> **TRY IT**
Excluding any images, copy all of the lines below precisely as written.

> **INFORMATION SHOWN**

"""

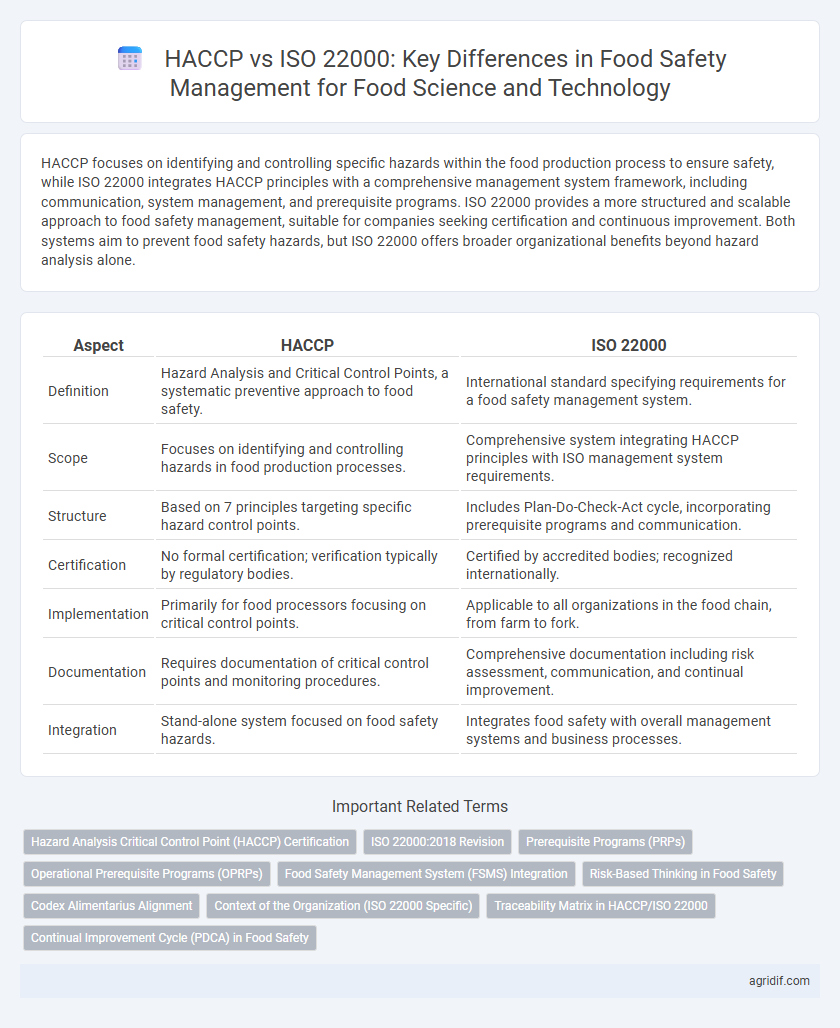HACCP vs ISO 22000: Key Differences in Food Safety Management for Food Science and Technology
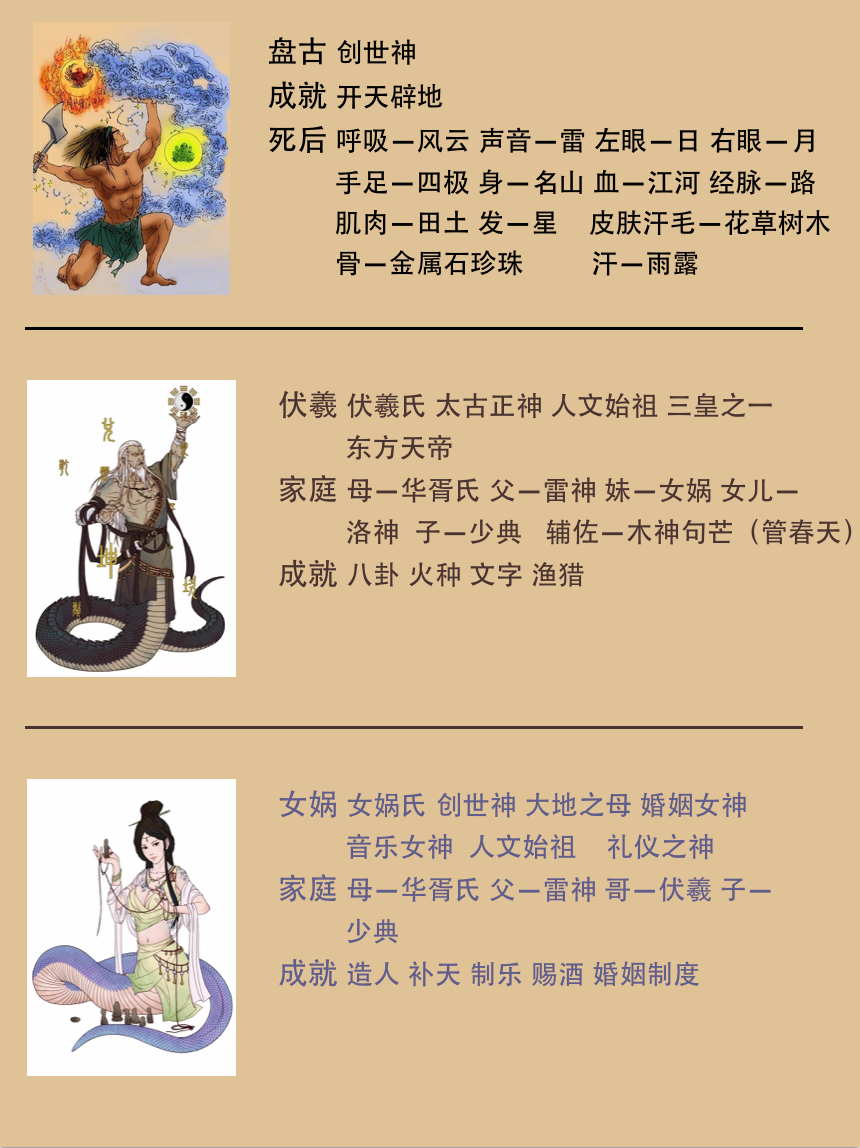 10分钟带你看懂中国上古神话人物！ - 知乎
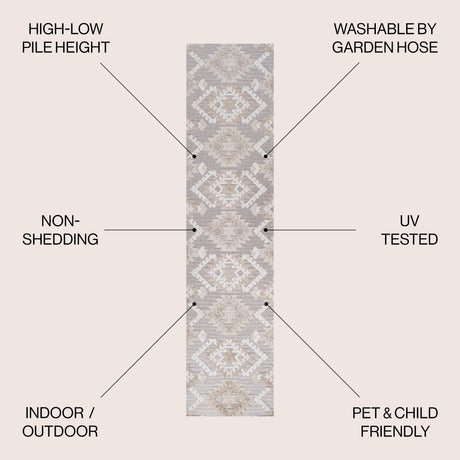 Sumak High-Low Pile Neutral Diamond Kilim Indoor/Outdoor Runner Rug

"""

> **EXPECTED ANSWER**
HACCP vs ISO 22000: Key Differences in Food Safety Management for Food Science and Technology
 10分钟带你看懂中国上古神话人物！ - 知乎
 Sumak High-Low Pile Neutral Diamond Kilim Indoor/Outdoor Runner Rug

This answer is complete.